▶ What is required: Repeat the first line of the listing and each line after it, exactly, through the line containing "Sterling Silver Sunflower".

▶ Data excerpts:
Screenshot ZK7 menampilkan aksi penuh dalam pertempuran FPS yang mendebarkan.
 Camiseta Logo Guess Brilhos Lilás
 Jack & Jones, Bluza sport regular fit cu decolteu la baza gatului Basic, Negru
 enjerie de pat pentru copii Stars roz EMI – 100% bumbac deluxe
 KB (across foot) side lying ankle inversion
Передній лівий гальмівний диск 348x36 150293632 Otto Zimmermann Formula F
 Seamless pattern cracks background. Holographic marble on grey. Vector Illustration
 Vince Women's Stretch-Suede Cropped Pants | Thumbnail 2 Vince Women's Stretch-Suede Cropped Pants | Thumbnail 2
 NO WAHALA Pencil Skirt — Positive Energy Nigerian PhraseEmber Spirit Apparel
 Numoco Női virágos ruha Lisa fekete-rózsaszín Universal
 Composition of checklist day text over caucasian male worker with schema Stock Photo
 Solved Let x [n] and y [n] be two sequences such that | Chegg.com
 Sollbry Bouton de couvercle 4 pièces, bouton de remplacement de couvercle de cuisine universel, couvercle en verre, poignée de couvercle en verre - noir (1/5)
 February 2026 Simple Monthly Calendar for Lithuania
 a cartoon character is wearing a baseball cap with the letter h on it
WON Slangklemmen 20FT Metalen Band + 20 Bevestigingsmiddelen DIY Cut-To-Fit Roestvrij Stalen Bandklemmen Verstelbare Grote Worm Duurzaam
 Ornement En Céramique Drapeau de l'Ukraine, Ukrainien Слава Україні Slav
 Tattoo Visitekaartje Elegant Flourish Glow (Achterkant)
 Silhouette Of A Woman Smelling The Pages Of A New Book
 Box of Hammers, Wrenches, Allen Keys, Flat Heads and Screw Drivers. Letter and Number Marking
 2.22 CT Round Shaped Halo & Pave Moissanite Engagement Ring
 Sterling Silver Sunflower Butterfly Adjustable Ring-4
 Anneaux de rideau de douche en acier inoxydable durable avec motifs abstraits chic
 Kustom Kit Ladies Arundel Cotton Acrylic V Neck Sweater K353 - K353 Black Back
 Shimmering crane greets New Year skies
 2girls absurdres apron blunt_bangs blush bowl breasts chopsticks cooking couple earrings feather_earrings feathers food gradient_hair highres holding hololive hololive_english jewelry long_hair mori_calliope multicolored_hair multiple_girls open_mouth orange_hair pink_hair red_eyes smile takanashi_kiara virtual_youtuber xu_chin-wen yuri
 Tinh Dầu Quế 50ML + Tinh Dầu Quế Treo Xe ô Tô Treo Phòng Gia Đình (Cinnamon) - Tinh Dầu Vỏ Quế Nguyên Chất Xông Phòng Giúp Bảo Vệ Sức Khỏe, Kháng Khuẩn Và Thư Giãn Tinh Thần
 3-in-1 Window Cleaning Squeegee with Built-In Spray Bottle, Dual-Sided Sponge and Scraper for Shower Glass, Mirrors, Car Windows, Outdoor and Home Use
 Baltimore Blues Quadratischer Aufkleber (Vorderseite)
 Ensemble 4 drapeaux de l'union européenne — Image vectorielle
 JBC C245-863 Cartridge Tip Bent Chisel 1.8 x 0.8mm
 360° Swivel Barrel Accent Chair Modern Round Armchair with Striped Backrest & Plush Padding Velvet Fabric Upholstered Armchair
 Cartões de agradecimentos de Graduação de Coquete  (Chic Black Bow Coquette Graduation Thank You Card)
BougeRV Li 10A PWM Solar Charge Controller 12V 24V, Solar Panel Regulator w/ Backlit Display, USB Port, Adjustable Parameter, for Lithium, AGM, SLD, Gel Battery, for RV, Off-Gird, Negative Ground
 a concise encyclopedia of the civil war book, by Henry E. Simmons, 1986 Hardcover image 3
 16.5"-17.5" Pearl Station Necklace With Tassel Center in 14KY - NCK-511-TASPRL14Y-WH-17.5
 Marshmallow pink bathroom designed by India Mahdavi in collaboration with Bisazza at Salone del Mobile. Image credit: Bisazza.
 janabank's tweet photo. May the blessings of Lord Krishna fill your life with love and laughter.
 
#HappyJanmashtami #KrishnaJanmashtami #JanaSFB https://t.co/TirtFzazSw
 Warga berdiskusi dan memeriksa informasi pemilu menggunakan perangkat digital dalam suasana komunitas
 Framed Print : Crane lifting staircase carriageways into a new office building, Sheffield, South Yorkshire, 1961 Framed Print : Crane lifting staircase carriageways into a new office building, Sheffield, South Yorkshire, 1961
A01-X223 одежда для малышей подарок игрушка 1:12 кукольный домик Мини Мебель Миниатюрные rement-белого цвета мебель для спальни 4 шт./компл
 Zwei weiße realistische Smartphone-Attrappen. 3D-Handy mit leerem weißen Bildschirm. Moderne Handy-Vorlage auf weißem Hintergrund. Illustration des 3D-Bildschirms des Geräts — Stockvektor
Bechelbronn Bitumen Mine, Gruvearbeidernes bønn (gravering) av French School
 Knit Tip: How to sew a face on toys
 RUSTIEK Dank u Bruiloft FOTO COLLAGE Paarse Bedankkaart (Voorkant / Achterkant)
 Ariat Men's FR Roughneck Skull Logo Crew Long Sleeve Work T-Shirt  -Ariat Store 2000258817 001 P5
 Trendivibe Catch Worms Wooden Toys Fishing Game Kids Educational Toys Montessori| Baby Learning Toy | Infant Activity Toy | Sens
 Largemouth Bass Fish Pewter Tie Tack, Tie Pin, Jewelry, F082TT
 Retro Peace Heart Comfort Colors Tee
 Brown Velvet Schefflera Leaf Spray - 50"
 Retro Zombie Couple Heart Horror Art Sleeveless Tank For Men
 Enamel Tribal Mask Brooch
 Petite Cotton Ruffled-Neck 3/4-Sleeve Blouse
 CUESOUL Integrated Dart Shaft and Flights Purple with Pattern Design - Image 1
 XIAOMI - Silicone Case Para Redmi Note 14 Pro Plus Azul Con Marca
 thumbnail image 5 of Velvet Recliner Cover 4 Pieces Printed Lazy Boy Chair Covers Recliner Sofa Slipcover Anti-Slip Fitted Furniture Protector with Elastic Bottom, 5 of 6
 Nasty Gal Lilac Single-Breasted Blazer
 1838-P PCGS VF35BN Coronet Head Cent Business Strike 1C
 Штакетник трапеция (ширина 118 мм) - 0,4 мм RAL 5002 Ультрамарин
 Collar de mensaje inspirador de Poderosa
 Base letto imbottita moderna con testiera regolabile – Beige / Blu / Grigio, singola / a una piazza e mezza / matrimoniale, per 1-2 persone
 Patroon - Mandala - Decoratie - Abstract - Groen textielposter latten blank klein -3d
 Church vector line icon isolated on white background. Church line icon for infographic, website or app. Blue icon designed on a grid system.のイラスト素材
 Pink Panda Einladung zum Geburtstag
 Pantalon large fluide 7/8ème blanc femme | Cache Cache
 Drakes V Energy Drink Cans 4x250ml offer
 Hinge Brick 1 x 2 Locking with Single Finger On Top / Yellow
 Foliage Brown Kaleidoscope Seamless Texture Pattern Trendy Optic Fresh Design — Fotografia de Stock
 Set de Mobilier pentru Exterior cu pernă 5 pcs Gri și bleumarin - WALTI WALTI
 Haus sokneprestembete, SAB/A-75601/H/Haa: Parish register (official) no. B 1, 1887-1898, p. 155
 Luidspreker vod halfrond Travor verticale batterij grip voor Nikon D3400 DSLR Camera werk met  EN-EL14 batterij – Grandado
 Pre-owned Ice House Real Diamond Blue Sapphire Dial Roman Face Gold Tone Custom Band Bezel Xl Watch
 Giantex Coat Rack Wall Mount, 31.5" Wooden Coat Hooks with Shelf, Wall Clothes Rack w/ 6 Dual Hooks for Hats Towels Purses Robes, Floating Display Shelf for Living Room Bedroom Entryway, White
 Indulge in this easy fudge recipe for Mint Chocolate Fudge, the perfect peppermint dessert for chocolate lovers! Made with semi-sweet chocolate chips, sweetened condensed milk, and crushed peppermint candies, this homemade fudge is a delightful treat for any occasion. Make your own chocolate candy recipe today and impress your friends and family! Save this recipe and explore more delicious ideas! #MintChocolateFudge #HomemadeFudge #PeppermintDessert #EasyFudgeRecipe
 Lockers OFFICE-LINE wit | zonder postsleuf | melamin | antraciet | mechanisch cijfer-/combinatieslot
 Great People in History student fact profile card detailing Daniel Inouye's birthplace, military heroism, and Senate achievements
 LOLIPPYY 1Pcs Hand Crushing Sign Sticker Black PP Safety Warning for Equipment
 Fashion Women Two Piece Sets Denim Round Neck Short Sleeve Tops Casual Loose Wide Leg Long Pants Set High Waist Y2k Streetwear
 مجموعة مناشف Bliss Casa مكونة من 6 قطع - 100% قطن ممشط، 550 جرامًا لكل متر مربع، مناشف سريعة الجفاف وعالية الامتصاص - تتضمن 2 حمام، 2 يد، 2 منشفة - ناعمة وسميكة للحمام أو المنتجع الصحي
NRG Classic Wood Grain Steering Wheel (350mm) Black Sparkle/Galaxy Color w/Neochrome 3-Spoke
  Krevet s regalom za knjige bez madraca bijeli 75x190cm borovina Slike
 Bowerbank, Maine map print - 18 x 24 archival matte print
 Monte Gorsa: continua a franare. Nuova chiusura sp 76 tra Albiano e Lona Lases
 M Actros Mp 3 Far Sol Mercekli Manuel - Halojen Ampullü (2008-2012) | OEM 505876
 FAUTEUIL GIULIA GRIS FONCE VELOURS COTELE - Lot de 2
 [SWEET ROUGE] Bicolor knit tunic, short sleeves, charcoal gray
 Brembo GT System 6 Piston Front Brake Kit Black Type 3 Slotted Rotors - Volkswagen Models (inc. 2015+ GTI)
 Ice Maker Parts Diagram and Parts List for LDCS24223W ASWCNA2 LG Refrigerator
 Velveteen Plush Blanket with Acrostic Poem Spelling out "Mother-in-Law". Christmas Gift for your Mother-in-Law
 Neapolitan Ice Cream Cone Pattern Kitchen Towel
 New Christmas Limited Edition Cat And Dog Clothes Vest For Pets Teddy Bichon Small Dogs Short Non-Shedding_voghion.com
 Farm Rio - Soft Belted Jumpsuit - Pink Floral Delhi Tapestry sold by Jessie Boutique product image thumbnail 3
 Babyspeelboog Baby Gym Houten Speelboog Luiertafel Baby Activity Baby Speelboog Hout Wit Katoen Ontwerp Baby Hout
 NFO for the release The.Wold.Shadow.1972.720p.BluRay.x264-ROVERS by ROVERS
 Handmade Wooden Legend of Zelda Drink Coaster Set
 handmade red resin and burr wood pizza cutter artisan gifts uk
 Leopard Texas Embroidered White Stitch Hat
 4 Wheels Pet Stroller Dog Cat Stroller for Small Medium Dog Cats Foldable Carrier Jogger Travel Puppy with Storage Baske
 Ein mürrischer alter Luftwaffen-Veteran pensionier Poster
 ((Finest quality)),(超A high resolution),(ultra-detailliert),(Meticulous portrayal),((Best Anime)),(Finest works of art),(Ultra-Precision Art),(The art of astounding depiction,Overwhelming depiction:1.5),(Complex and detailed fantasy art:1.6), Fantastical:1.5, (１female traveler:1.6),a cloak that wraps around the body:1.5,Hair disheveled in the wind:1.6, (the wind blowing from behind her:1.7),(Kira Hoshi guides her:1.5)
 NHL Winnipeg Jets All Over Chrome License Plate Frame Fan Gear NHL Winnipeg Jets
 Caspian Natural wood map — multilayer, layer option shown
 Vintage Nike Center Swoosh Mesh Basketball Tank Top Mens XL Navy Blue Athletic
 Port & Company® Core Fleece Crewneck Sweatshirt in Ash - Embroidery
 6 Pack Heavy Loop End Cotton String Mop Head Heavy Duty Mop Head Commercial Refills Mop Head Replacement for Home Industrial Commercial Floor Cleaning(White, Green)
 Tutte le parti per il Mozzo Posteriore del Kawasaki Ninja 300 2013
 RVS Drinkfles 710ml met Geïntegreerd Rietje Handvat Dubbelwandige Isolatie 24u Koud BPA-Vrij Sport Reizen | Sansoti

▶ Answer section:
Screenshot ZK7 menampilkan aksi penuh dalam pertempuran FPS yang mendebarkan.
 Camiseta Logo Guess Brilhos Lilás
 Jack & Jones, Bluza sport regular fit cu decolteu la baza gatului Basic, Negru
 enjerie de pat pentru copii Stars roz EMI – 100% bumbac deluxe
 KB (across foot) side lying ankle inversion
Передній лівий гальмівний диск 348x36 150293632 Otto Zimmermann Formula F
 Seamless pattern cracks background. Holographic marble on grey. Vector Illustration
 Vince Women's Stretch-Suede Cropped Pants | Thumbnail 2 Vince Women's Stretch-Suede Cropped Pants | Thumbnail 2
 NO WAHALA Pencil Skirt — Positive Energy Nigerian PhraseEmber Spirit Apparel
 Numoco Női virágos ruha Lisa fekete-rózsaszín Universal
 Composition of checklist day text over caucasian male worker with schema Stock Photo
 Solved Let x [n] and y [n] be two sequences such that | Chegg.com
 Sollbry Bouton de couvercle 4 pièces, bouton de remplacement de couvercle de cuisine universel, couvercle en verre, poignée de couvercle en verre - noir (1/5)
 February 2026 Simple Monthly Calendar for Lithuania
 a cartoon character is wearing a baseball cap with the letter h on it
WON Slangklemmen 20FT Metalen Band + 20 Bevestigingsmiddelen DIY Cut-To-Fit Roestvrij Stalen Bandklemmen Verstelbare Grote Worm Duurzaam
 Ornement En Céramique Drapeau de l'Ukraine, Ukrainien Слава Україні Slav
 Tattoo Visitekaartje Elegant Flourish Glow (Achterkant)
 Silhouette Of A Woman Smelling The Pages Of A New Book
 Box of Hammers, Wrenches, Allen Keys, Flat Heads and Screw Drivers. Letter and Number Marking
 2.22 CT Round Shaped Halo & Pave Moissanite Engagement Ring
 Sterling Silver Sunflower Butterfly Adjustable Ring-4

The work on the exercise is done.